Kalidas K.R. And Ors. And Tamil Nadu ... vs Tamil Nadu Electricity Board And Ors. on 28 February, 1996

Equivalent citations: [1996(74)FLR2566], (1998)IIILLJ1116MAD

JUDGMENT
 

Srinivasan, J.  
 

1. Writ Petition No. 11348 of 1988 is by 167 persons for issue of a writ of mandamus directing the first respondent, Tamil Nadu Electricity Board, and the second respondent, Ennore Thermal Power Station, to regularise the services of the petitioners and absorb them in their services and pay them equal wages to that of the wages payable to a permanent security watchman of the respondent Board from the date of recruitment, or issue such other appropriate orders.

2. In short, the claim of the petitioners is that they are direct workmen of the first and second respondents for the reasons stated in the affidavit filed in support of the writ petition. In the counter-affidavit, the definite case of the respondents is that the petitioners are not direct employees and they are employees only under the contractor who is the third respondent, viz., Hindustan Security Detective Services. It was also pointed out in the counter-affidavit that the contract has been changed and the petitioners are no longer in service.

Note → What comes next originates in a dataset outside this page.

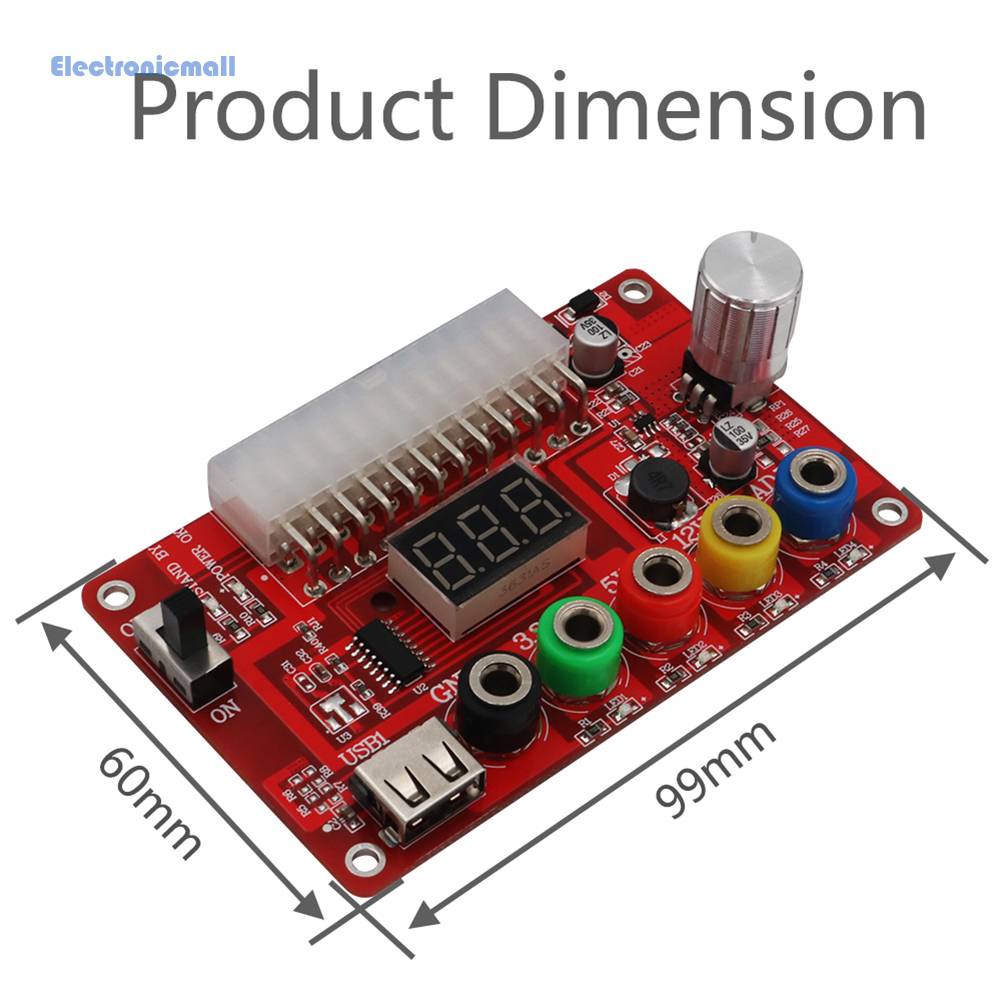 Bảng Mạch Nguồn ATX DC 24 / 20-Pin [ElectronicMall01.vn]#S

3. Though initially, interim injunction was granted in favour of the petitioners in W. M. P. No. 16728 of 1988 restraining the respondents from terminating the services of the petitioners, later, that was vacated by an order passed on January 12, 1989. In that order, the learned single judge observed that counsel for the petitioners requested that Respondents Nos. 1 and 2 may be directed to continue status quo for atleast four weeks to enable the workers to find out the alternative jobs. The learned single judge proceeded to say that as third party rights had intervened and that party is not impleaded in the writ petition, the time prayed for cannot be granted. After taking into consideration the facts and circumstances of the case, the learned judge directed Respondents Nos. 1 and 2 to maintain status quo for seven days from the date of the order, i.e., January 12, 1989.

It is represented that an appeal was filed against the said order. But, ultimately it was withdrawn.

4. When this writ petition is heard a preliminary objection is raised by the respondents counsel that none of the petitioners is in service and the reliefs prayed in the writ petition cannot be granted. An affidavit has been filed today before us, sworn to by a Junior Engineer, Mechanical Grade-1 in the operation division of the second respondent's Board station. In the affidavit it is stated that none of the petitioners in the writ petition is at present working as security guard in the Ennore Thermal Power Station. It is also stated that for the past seven years most of the petitioners are not working as security guards. As the affidavit is served on counsel for the petitioners only today, it is not possible for him either to deny or affirm the averments contained in the affidavit. He requested the Court to proceed as if none of the petitioners is in service. According to him, even if they are not in service at this state, as they were in service at the time when the writ petition was filed, subsequent change of circumstance cannot be taken advantage of by the respondents. In our opinion, it is not necessary for us to rest our conclusion on the question whether the petitioners are still in service or not.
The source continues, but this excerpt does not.